Application: sparse matrix-vector multiplication.

Wim Vanroose, 9/4/2002

Introduction

The matrix exponential of an operator acting on a vector is an important problem in mathematics, physics and engineering. Many problems are reduced to an ODE of the form

d v(t)/dt = A v(t)

with v(t) a time dependent vector and A a linear operator. The solution v(t) is subject to certain initial conditions.
The solution of this equation can be formally written as

v(t) = Exp ( t A ) v_0.

So, calculating the matrix exponential will provide use with the solution.

For small t << 1 , approximations like Pade or Crank-Nicholson of the exponential work really good. Problem is that for the application that I am interested in, the matrix A is a huge sparse matrix and the Pade or similar approximation only work for small matrices.

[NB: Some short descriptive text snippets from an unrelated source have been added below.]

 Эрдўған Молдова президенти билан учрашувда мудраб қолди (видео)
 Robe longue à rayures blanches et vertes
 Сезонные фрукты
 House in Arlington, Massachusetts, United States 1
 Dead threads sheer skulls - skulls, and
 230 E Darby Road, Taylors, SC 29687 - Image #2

Since, the matrix A is sparse, the exponential can be calculated based on the Lanczos algorithm. By applying A multiple time to the initial state v, and using a gramm-schmidt like procedure, the Lanczos algorithm creates an orthogonal basis for the vector space

Span(v_0, Av_0, AA v_0, ...., )

The operation of the matrix exponential on v is then calculated in this subspace. This is possible since the representation of A in this limited subspace is again a small matrix. And the exponential of that small matrix can be calculated with the conventional Pade approximation .

The code of this procedure is pretty easy: you essential have to write a matrix-vector product routine that implement the application of A on vector v. I have this code running on a single processor machine.

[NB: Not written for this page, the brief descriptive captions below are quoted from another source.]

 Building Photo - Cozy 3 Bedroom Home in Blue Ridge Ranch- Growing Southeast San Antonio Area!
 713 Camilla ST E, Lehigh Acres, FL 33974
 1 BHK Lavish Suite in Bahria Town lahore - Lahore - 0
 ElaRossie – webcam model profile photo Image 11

Application: sparse matrix-vector multiplication

So in order to rewrite a the matrix exponential on a parallel machine I need to calculate the Matrix-vector product in parallel. Therefore, the application that I am interested in is how do I organise sparse matrix-vector multiplication. Its obvious that this is not the first application that relies heavily on this multiplication.

Because the matrix is sparse it looks very difficult to find the optimal way of programming the matrix-vector product, since it depends critically on the distribution of non-zero elements.

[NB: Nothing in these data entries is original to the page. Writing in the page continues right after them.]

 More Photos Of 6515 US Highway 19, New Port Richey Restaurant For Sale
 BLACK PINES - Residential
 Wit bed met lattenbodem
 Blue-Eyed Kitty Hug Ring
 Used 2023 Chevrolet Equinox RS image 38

We dont want to use the generalisation of the uniprocesser BLAS routine dgemv. For example PLAPACK has the call PLA_dgemv or SCALAPACK has PSgemv. These routines are optimized for dense matrices and don't take advantage of the nonzero elements in the matrix A. In addition in our application A is so big that we never want to contstruct it. We prefer an construction on-the-fly when we calculate the matrix product.

I've found some recent papers on this problem and it seems that the result depend one the distribution of of the non-zero elements in matrix A

Toledo: Discusses how to avoid cache misses, blocking and reordering loops. The best option depends on the structure of the sparse matrix.
Eun Jin Im and Yelick: discuss the matrix-vector product on a SMP machine. Conclusions for different types of matrices.

Conclusion

At first sight, no information can be given on the peak performance and the scalability without considering the structure of the sparse matrix.